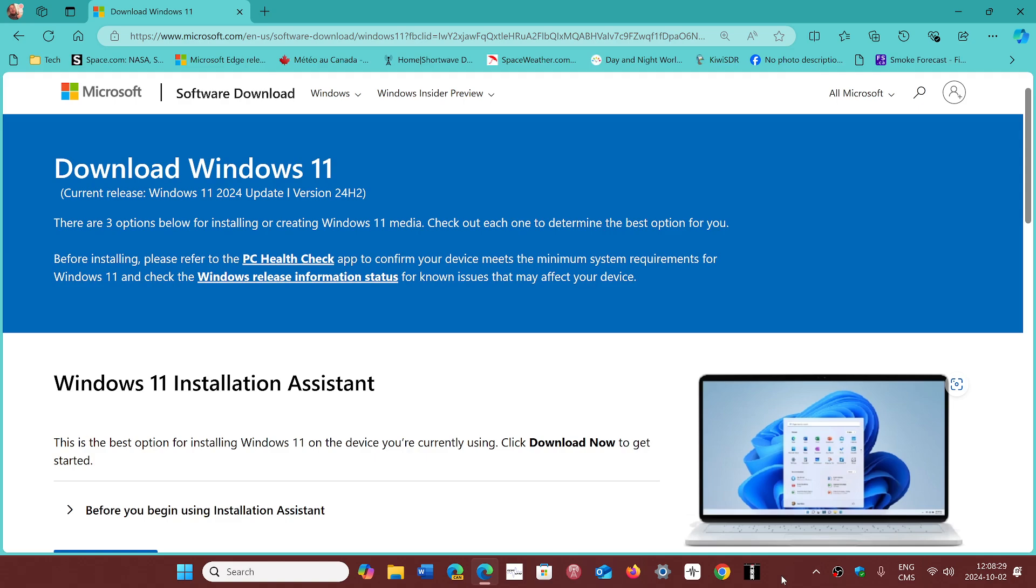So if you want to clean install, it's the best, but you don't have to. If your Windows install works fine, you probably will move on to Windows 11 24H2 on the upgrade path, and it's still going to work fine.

============================================================

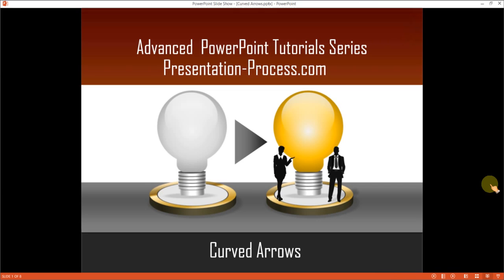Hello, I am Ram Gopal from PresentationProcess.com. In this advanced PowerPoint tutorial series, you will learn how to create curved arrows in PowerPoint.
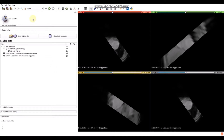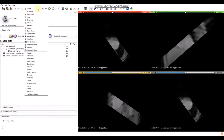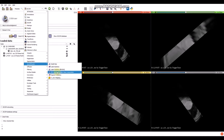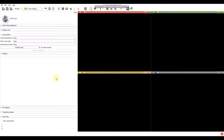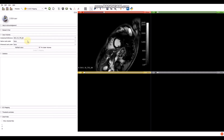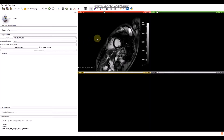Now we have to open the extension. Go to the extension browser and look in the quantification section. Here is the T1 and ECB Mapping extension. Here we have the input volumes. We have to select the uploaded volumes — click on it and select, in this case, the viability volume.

============================================================

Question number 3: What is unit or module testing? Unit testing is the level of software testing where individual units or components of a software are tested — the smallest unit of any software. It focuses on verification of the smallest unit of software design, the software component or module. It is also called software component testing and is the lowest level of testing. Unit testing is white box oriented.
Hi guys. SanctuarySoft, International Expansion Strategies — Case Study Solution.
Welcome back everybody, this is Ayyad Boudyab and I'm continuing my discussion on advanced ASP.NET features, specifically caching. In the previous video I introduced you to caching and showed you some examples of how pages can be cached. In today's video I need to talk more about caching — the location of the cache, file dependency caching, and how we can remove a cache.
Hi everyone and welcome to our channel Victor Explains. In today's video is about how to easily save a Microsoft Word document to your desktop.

============================================================

- _Work to complete_: A single figure is required: the number of lines above in which the string "today" appears.

- _Written response_: 2